The task –
Repeat every record word for word and omit the images.

Stored data entries –
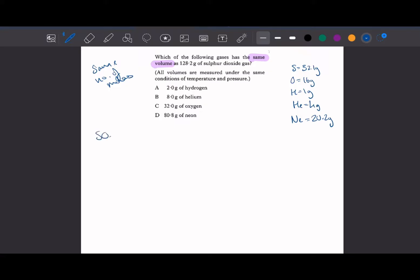In this case, we want the same number of moles as this 128.2 grams of sulphur dioxide. So if we work out the moles of sulphur dioxide — its formula is SO₂ — we use N = M ÷ GFM, since we've been given a mass. That would be 128.2 divided by the GFM of one sulphur and two oxygens, which is 64.1, giving us two moles.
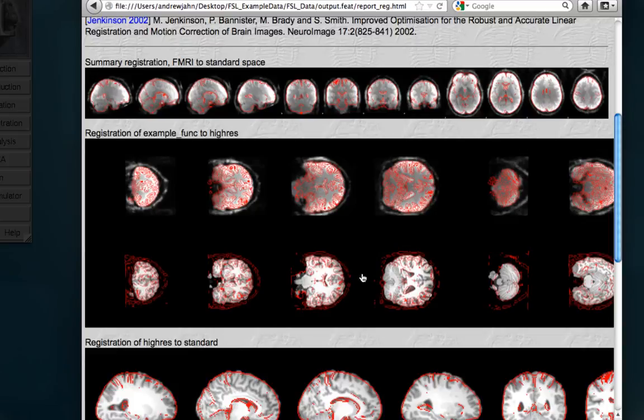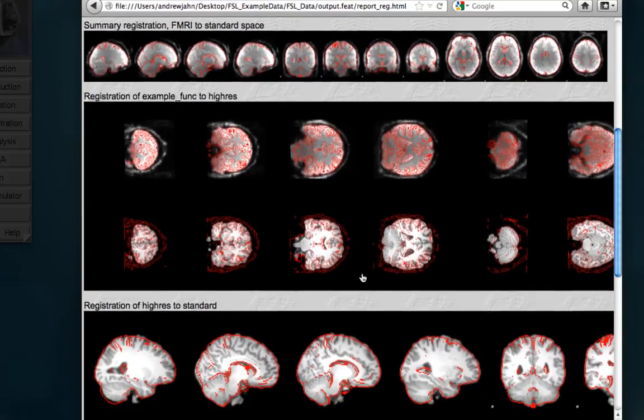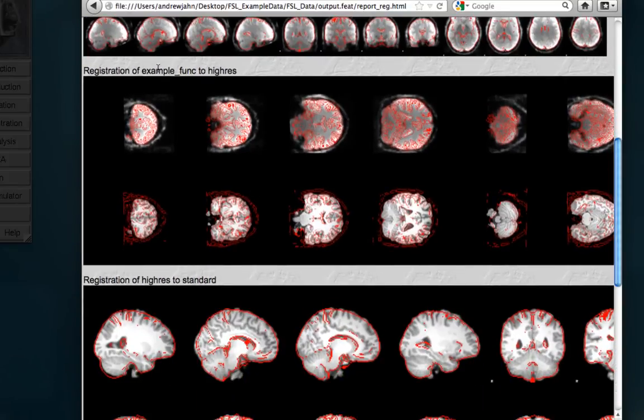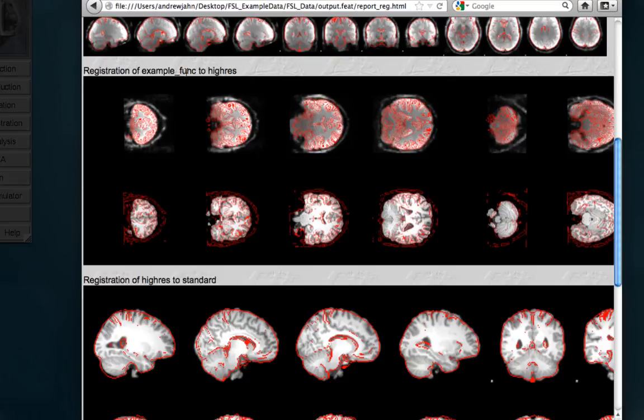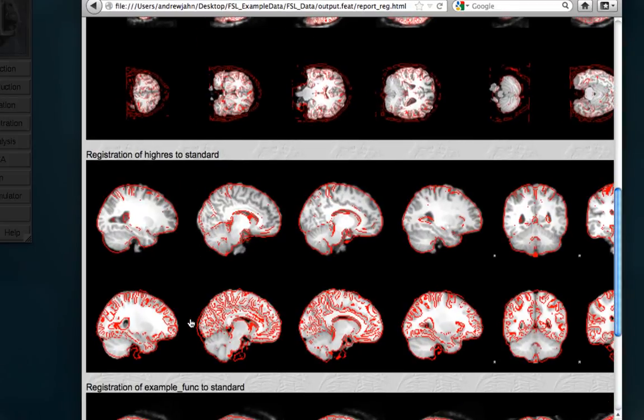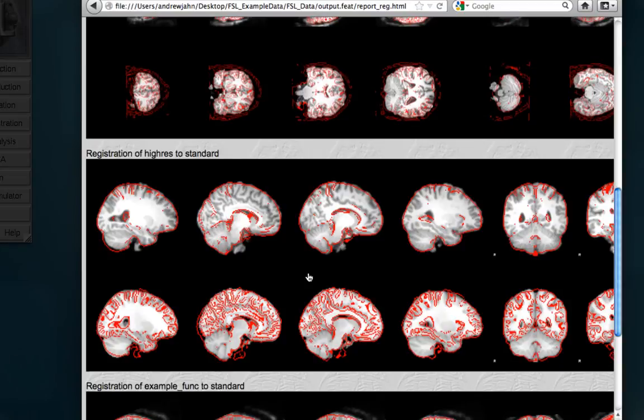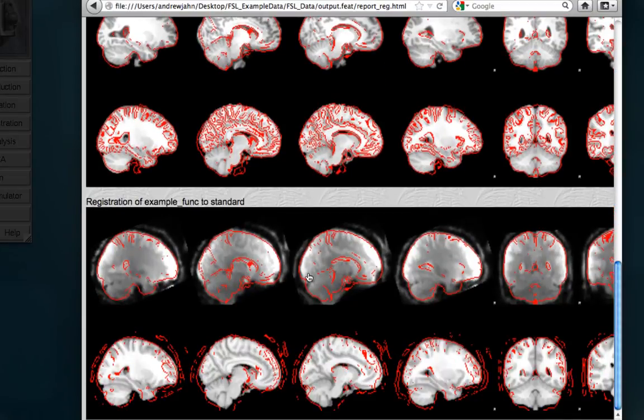So, ventricles, in this case, are a very good proxy for estimating how good of a job it did in aligning the internal parts of the brain, which is usually what's of most interest. So, first of all, this is example func. So, our functional images to our high-resolution skull-stripped anatomical. The registration of our anatomical to a standardized space. Again, this looks pretty good. Nothing looks too out of order.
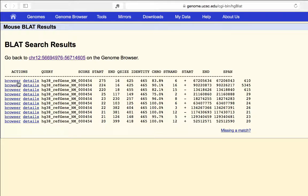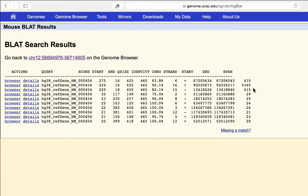Looking at the first hit, you can view it in the browser or get more details. The results show query size, percent identity, the chromosome where the hit was found, the strand, start and end positions, and the span. Among the top three hits with scores in the 200s, two are only 410–415 base pairs long and one is 5,000 base pairs long, which is suspicious.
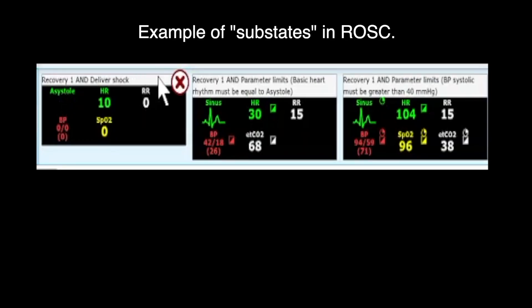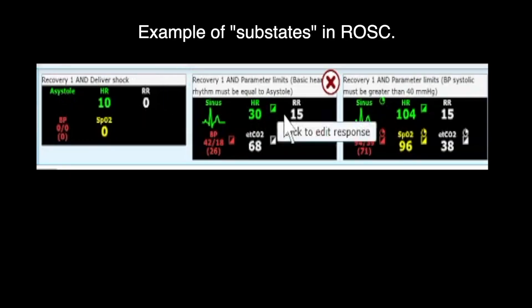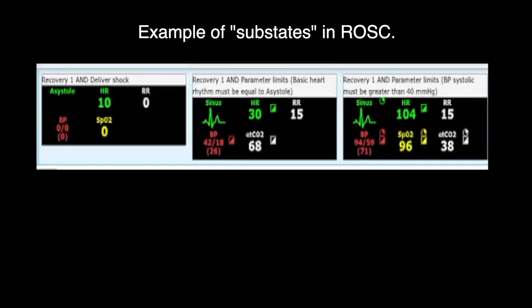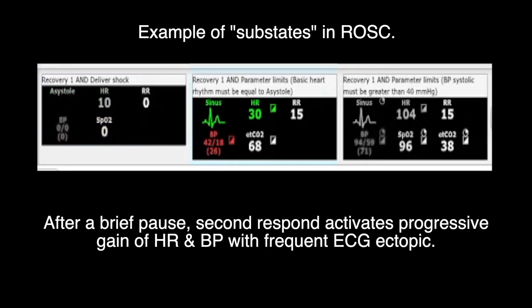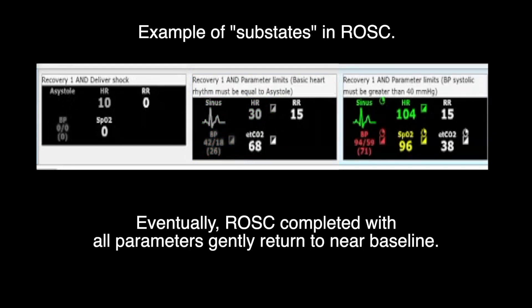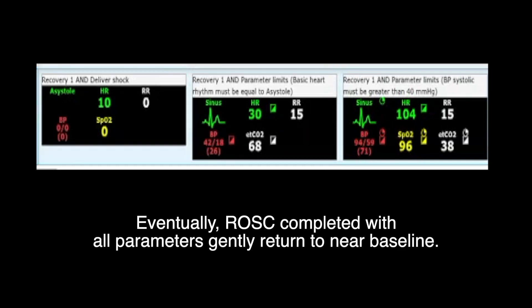Additional examples of scenario events with multiple response or substates. Return of spontaneous circulation event flow is packed with three responses. Initially, the detected defibrillation turns shockable rhythm into a flat line. After a brief pause, second response activates progressive gains of heart rate and blood pressure with frequent ECG ectopics. Eventually, ROSC completed with all parameters gently returned to near baseline.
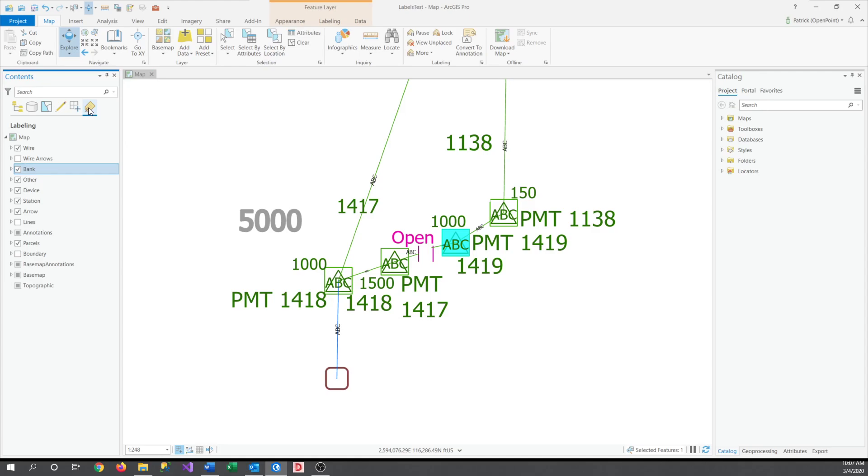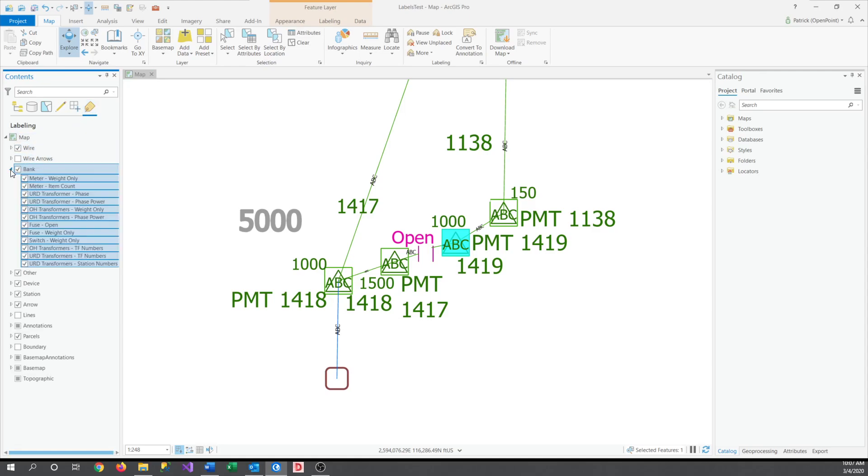Here, you can drop down any of your layers so that you can see the different labels that are inside. From here, you can use the checkboxes on the side to turn on or off labels. We'll try that with a couple here.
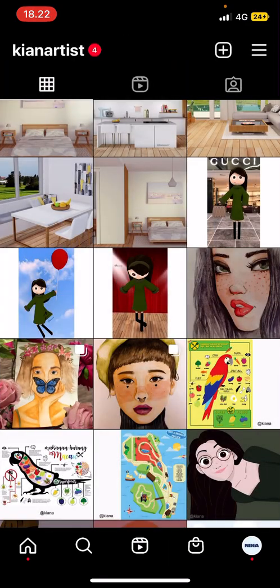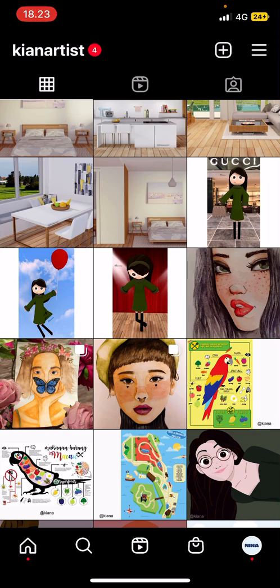And that is pretty much how you can sort comments on Instagram. I hope this tutorial was helpful for you guys. Don't forget to like, comment, share, and subscribe to this channel if you haven't done that. If you have any questions, just leave them in the comment section below and I will try my best to answer them all. Thank you so much for watching. Bye!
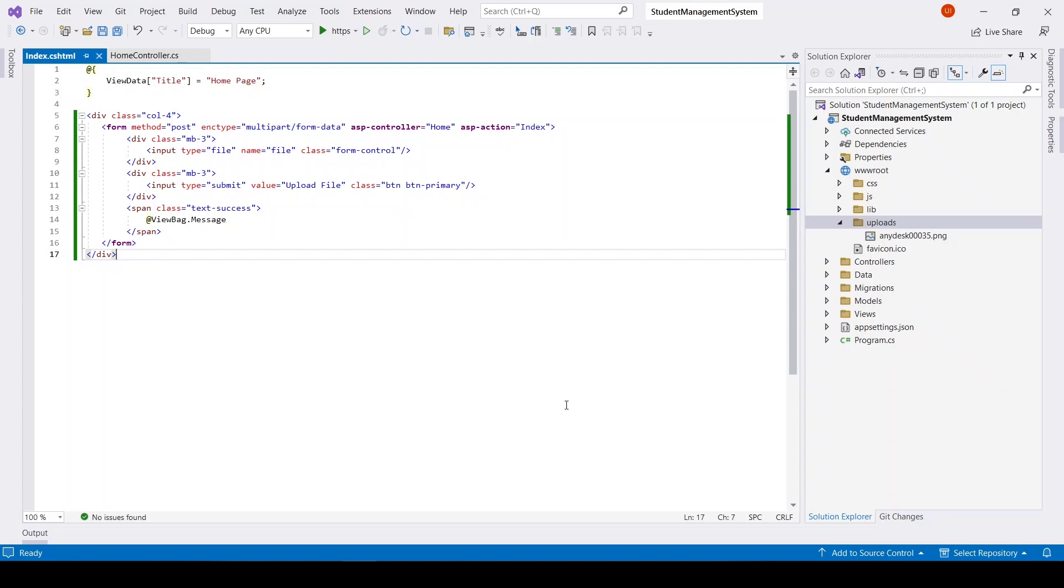In this video we will see how we can upload multiple files in ASP.NET Core. I will continue from the last video and make changes to the code.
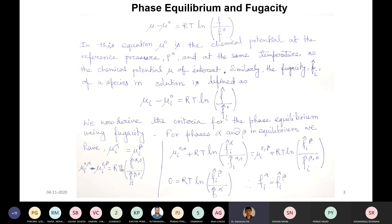μ₀ is the chemical potential at a reference pressure P₀ at the same temperature as the chemical potential μ you are considering. Similarly, the fugacity fᵢ of a species in solution can be defined as μᵢ − μᵢ₀ = RT ln(fᵢ/f₀). From this expression, you can derive the criteria for phase equilibrium based on the fugacity concept.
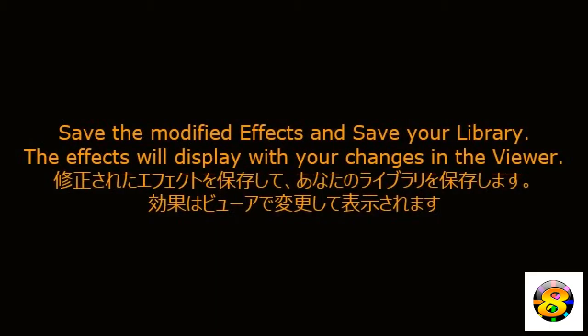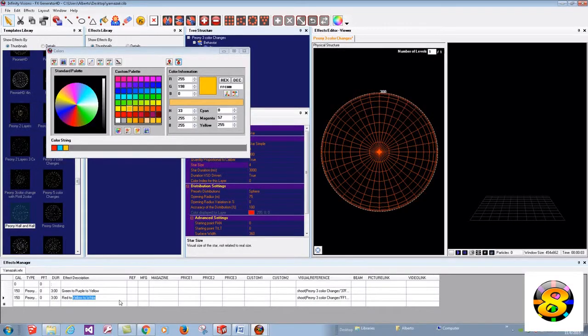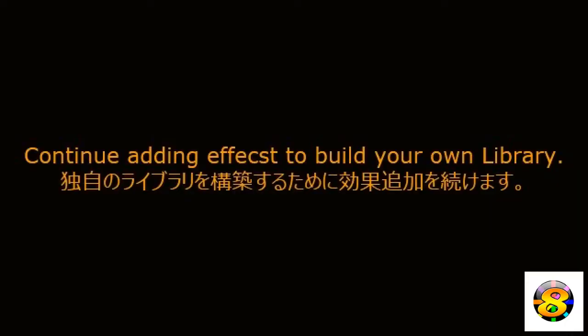Save the modified effects and save your library. The effects will display with your changes in the viewer. Continue adding effects to build your own library.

Expected answer –
In this case, we want the same number of moles as this 128.2 grams of sulphur dioxide. So if we work out the moles of sulphur dioxide — its formula is SO₂ — we use N = M ÷ GFM, since we've been given a mass. That would be 128.2 divided by the GFM of one sulphur and two oxygens, which is 64.1, giving us two moles.
So, ventricles, in this case, are a very good proxy for estimating how good of a job it did in aligning the internal parts of the brain, which is usually what's of most interest. So, first of all, this is example func. So, our functional images to our high-resolution skull-stripped anatomical. The registration of our anatomical to a standardized space. Again, this looks pretty good. Nothing looks too out of order.
Looking at the first hit, you can view it in the browser or get more details. The results show query size, percent identity, the chromosome where the hit was found, the strand, start and end positions, and the span. Among the top three hits with scores in the 200s, two are only 410–415 base pairs long and one is 5,000 base pairs long, which is suspicious.
Additional examples of scenario events with multiple response or substates. Return of spontaneous circulation event flow is packed with three responses. Initially, the detected defibrillation turns shockable rhythm into a flat line. After a brief pause, second response activates progressive gains of heart rate and blood pressure with frequent ECG ectopics. Eventually, ROSC completed with all parameters gently returned to near baseline.
Here, you can drop down any of your layers so that you can see the different labels that are inside. From here, you can use the checkboxes on the side to turn on or off labels. We'll try that with a couple here.
And that is pretty much how you can sort comments on Instagram. I hope this tutorial was helpful for you guys. Don't forget to like, comment, share, and subscribe to this channel if you haven't done that. If you have any questions, just leave them in the comment section below and I will try my best to answer them all. Thank you so much for watching. Bye!
In this video we will see how we can upload multiple files in ASP.NET Core. I will continue from the last video and make changes to the code.
μ₀ is the chemical potential at a reference pressure P₀ at the same temperature as the chemical potential μ you are considering. Similarly, the fugacity fᵢ of a species in solution can be defined as μᵢ − μᵢ₀ = RT ln(fᵢ/f₀). From this expression, you can derive the criteria for phase equilibrium based on the fugacity concept.
Save the modified effects and save your library. The effects will display with your changes in the viewer. Continue adding effects to build your own library.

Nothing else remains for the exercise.